My eye was first caught by the place because the blackboard sign hanging by the door included on the menu of sandwiches a Gubbeen Bacon BLT. Then the kids were too young and wanted to be sat outside for lunch, in the sun with a plate of fish and chips from the French place. So I had to wait a few years before I was able to gain entrance. Invariably when I go there for lunch I will have the Gubbeen Bacon BLT or whatever new version of it they are making. However yesterday I decided on a change and had an open topped crab sandwich with garlic mayonnaise.

It came as described. A thick slice of brown soda bread smeared with an equally thick dollop of the mayonnaise on which was piled great chunks of white crab meat. There was some salad but that was a side show to the main event. We also had garlic bread. This was proper garlic bread, a hunk of white bread heavy with butter and flecked with crushed garlic. It all went down very well with a couple of pints of the IPA they had on tap.

Whilst we were eating nine lobsters were delivered by Tommy Arundel to the Cottage and were left to doze in the salad tray of the old fridge in the garage.

Back home we went out fishing. Having thought that the closest we were going to get get to a freshly caught mackerel would be the stains left over from last year on my pink shirt we caught two of them in a 45 minute drift along the back of Owen Island. We ate them later. Fried for a few minutes and on small pieces of toast.

I decided to do something different to them this year. Our large pan wasn’t big enough to cook them all at the same time and if I did them in batches then the fist lot would be cold by the time I finished them all. Kristen had told me that in The Good Things Café they split them in half before roasting them in a very hot oven. The oven in the Cottage is neither big enough nor hot enough for that but I figured there was just about enough room for 9 split lobsters on top of the BBQ.
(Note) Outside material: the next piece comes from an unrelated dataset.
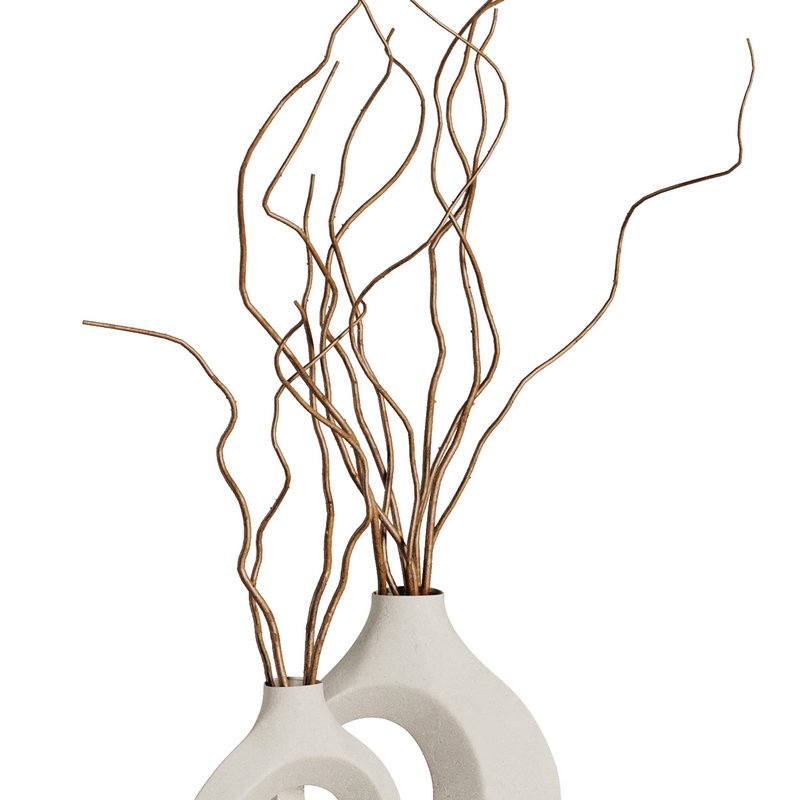 Dry Branches Bouquet21 - Image 3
The hard part was splitting them in half. They are alive at this point and to kill them I took a heavy sharp knife and put the blade against the cross that is marked at the back of their head. It was then a question of driving the knife down hard and then cutting through the shell until the lobster was split in half. This should kill them instantly and many fish cooks will say it is quicker and more humane than putting them in boiling water. It was still dirty hard work.

A bit like a mackerel that continues to twitch even after it has been tapped on the back of the head there was still some movement in the lobsters even after they had been cut in half. I felt that I still had to be careful of their claws as I cut off the elastic bands that kept them out of harms way.

Once they were all split in half I smeared them with olive oil and then laid them across the rack on top of the BBQ. They just fitted in. I put the lid on and left them for fifteen minutes and hoped for the best.

After that fifteen minutes I took off the lid to see how they were doing. Pleasingly they had started to cook – the deep dark blue of their shells turning to red. There was a good heat coming from the coals driven by the breeze coming in off the sea. Before putting the lid back on I poured some melted butter and garlic over them and left them for another fifteen minutes. By then they were done. To finish them off I sprinkled some fronds of fennel over them and then flamed them with the dregs from a bottle of Pernod that was lurking in one of the cupboards in the Cottage.

The lobsters were then hoisted onto a large dish. More melted butter with garlic, salt and pepper was poured over them and they were then taken to the small crowd around the fire on the beach. We ate them huddled around the fire. It had been cool on the beach. The same breeze that had helped stoke the BBQ had had a cold edge to it. But as we ate the breeze lightened.

There were clouds in the sky but they were thin and we could make out behind them the glow of a full moon as it rose up above Mount Gabrial.